Cuando el tren pasó frente a una barrera que marcaba la frontera de Lituania, alguien lo dijo y se oyeron unos llantos. La gente lloraba.
Lo más grave era que todos, recuerdo que absolutamente todos, estábamos convencidos que pronto regresaremos. Pensaba que la casita nos estará esperando exactamente como la dejamos, que cuando estaremos de regreso, nada habrá cambiado, porque nos parecía imposible que la ocupación ruso-comunista pueda durar más de un año. Pues salimos en 1944 y esa ocupación soviética duró hasta el 11 de marzo 1990, cuando los propios lituanos, al precio de sacrificio de vidas, fueron el primer país de los que integraban la Unión Soviética, en declararse independiente.
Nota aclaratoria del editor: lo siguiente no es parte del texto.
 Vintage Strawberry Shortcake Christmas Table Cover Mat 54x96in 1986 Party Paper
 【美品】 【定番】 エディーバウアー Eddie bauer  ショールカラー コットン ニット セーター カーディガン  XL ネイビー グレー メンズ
Cuando hago memoria y me pregunto cómo logró la pequeña Lituania ser el primer país que inició el desmembramiento de la URSS, puedo dar fe personalmente, cómo pasó. En 1989 viajé de Venezuela a Lituania como periodista. Fui testigo presencial de que, pasadas tantas décadas, no había división entre gente del gobierno soviético y los que exigían el fin de ese régimen. Los únicos en ese momento en ser los “irreductibles” eran los de la diáspora, muchos ya ciudadanos de los países que los albergaron, pero llenos de rencores y deseos de castigar a todos los comunistas. En cambio, los que vivían en Lituania, se sentían unidos todos juntos para sacudir aquel modo de vida sin suficientes alimentos, sin comodidades, cuando el resto del mundo los tenían. Para llegar a esa unión, fueron necesarios dos cambios generacionales, varios millones de presos políticos que cumplieron sus penas y la convicción unánime de que todos por igual, desean otro tipo de vida.
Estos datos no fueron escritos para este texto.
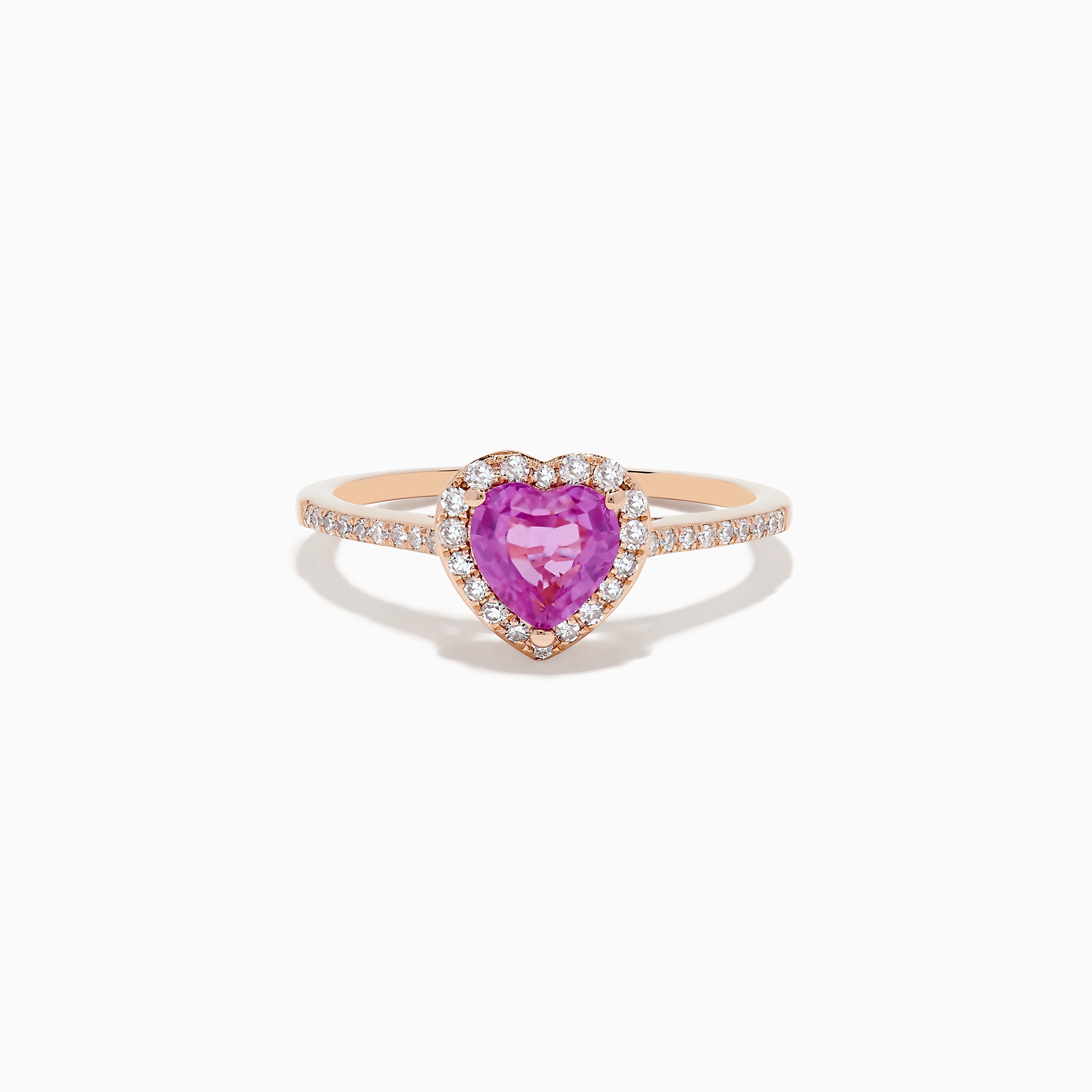 Effy Novelty 14K Rose Gold Pink Sapphire and Diamond Heart Ring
Me pregunto cómo terminará ahora lo de Venezuela y lo primordial es que no tengan que esperar hasta que sus vidas se arraiguen en otras tierras, porque nunca – nunca – les desaparecerá el sufrimiento de la partida.
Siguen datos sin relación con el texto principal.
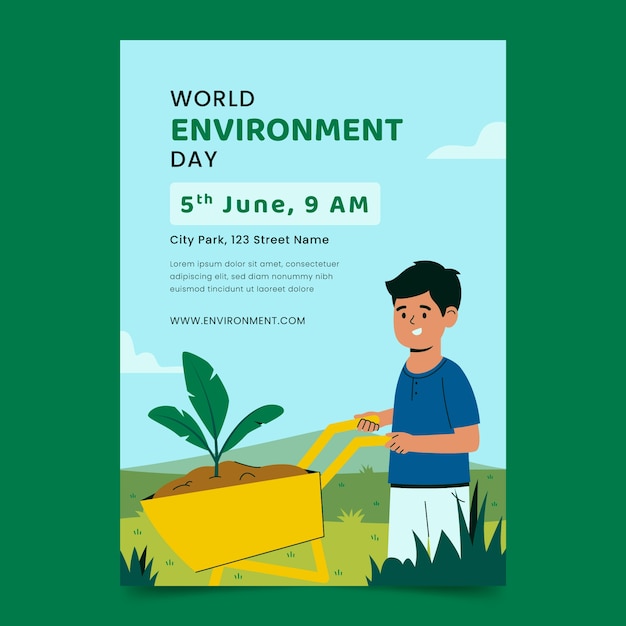 Flat vertical poster template for world environment day celebration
Cuando muchas décadas después, regresé de visita a Lituania, busqué la dirección y la casita donde mi mamá había dejado la llave bajo la alfombrita. Encontré la calle, el sitio, pero la casita que era de madera, chiquita, preciosa, no existía. Mamá y mi tía la habían dejado con todo lo que tenía adentro y me di cuenta que lo único que de todo eso me quedaba, era un recuerdo entre grato y doloroso.
Aconsejo a los venezolanos, unirse para no esperar tanto.